Septuagessima, was a way in the Church hauled up the violet banner, saying 'now is the time to begin to get ready, eat drink and be merry for tomorrow you fast'. The Church seems everywhere to have opposed the excesses of Septuagessima, until under Bunini it itself was abolished, in a characteristic gesture.

Its proper character is perhaps revealed in the English name 'Shrovetide' the when people went to Confession before Lent so that they might keep this Holy Season in a state of Grace.

Monday, February 17, 2014

Follower of Fashion

seventies pop group showaddywaddy Esquire Magazine, not a regular read, voted Pope Francis the best dressed man of 2013. For those outside or edge of the edge of the Church he will most probably be remembered for what he wore, Benedict of course wore the same thing but then of course he was, 'the leering old man in a dress".

In his 'sound bite' style the Pope recently described young followers of the Traditional Mass as followers of fashion. I was amused by Ches's take on this, I am not quite sure that you can describe something which has been in existence since at lest the time of Gregory the Great until it seemed to be swept away in1968 as a 'fashion'. I am tempted to think what we have at the moment is the 'fashion', and even that is changing rapidly. I remember young Jesuits of Pope Francis' vintage celebrating Mass on coffee tables with pottery chalices, they left the 'Js' and the priesthood,  most of them are now unhappily married and if they remained in contact with the Church are scheming away to overturn the teaching of the Church, that was fashion!

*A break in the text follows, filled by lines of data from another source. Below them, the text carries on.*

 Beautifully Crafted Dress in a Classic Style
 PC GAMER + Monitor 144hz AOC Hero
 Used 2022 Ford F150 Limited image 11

They came out of time when the 'fashion' was to denigrate anything smacked of either tradition (or Tradition); it was the time when destruction was fashionable, everything from town centres to the family was up for grabs.

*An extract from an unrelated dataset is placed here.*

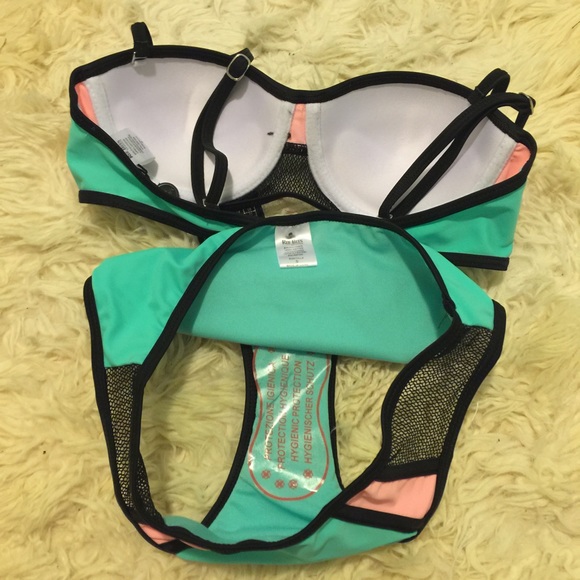 🚫Sold🚫👙Neon Bikini - Picture 3 of 4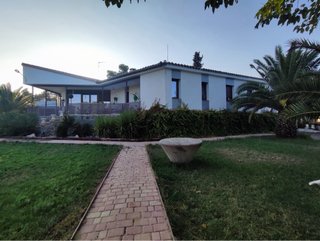 Chalet villa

The Pope seems to surround himself not just with endless consultative companies, Ernst Young et al but also people like Cardinals Maradiaga and Hummes who one really expects to appear wearing flared trousers and paisley shirts.
The real question  is: who is a follower of fashion, the Pope or young people?
Already we have witnessed the persecution of the highly unfashionable and successful Franciscans of the Immaculate.

Saturday, February 15, 2014

I agree with Abp Nichol

I agree with Archbishop Nichols in his statement about the plight of the poor, he is to be commended.

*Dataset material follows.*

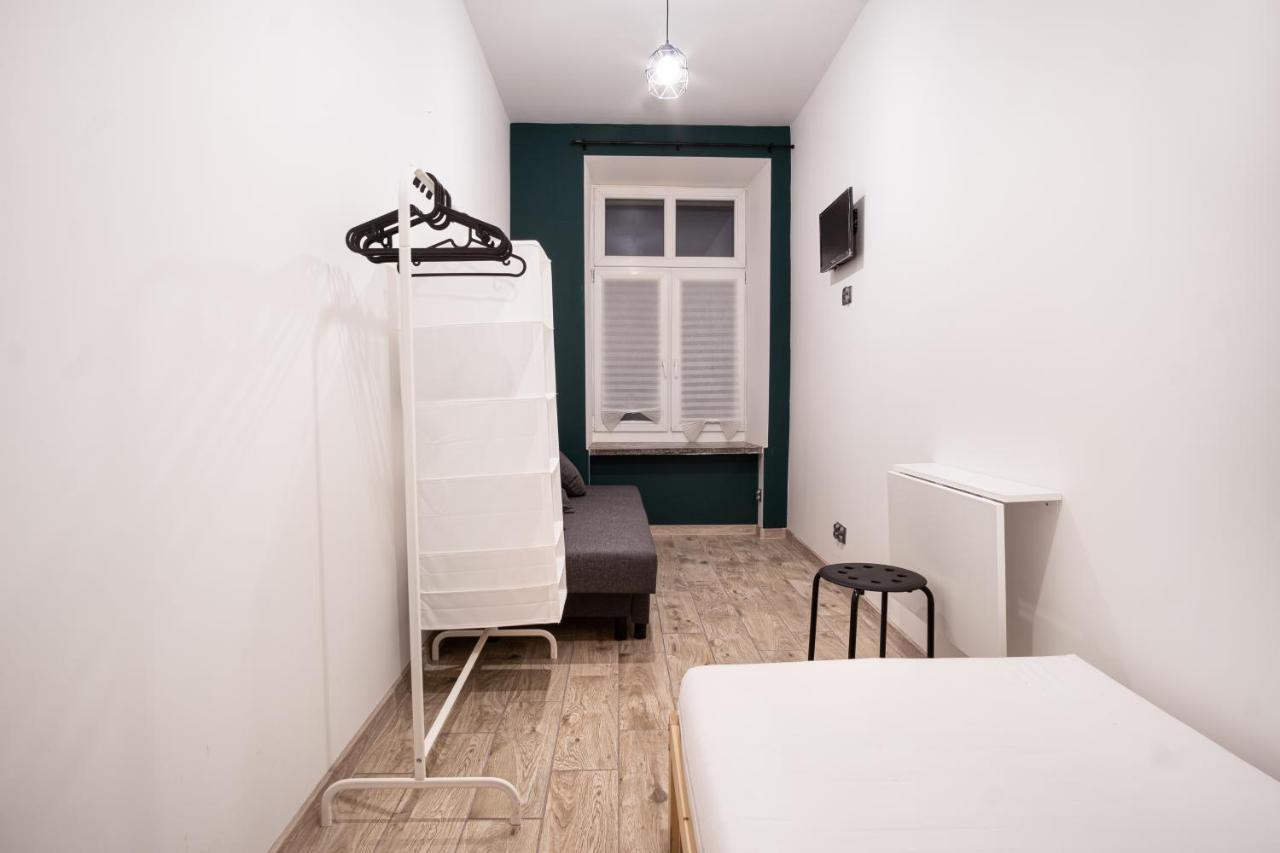 Revolution Aparts - Rewolucji 27 Lodz  Ngoại thất bức ảnh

Our parish is facing financial difficulties, there has been a serious drop in income over the last few months, it is all too noticeable people have less to give. For many poor people the choice is often between eating or heating. Many of my parishioners have real fears of debt, rent arrears and homelessness Mothers go without so their children can eat.

There are psychological effects; depression, a sense of hopelessness that comes from poverty. Some people, a very few, are masters of the social security system and know precisely what their rights are and how to get them but others simply give up, having neither the inclination to jump through the  hoops set up for them, nor the disposition to cope with the investigation, interrogation, suspicion and possible rejection.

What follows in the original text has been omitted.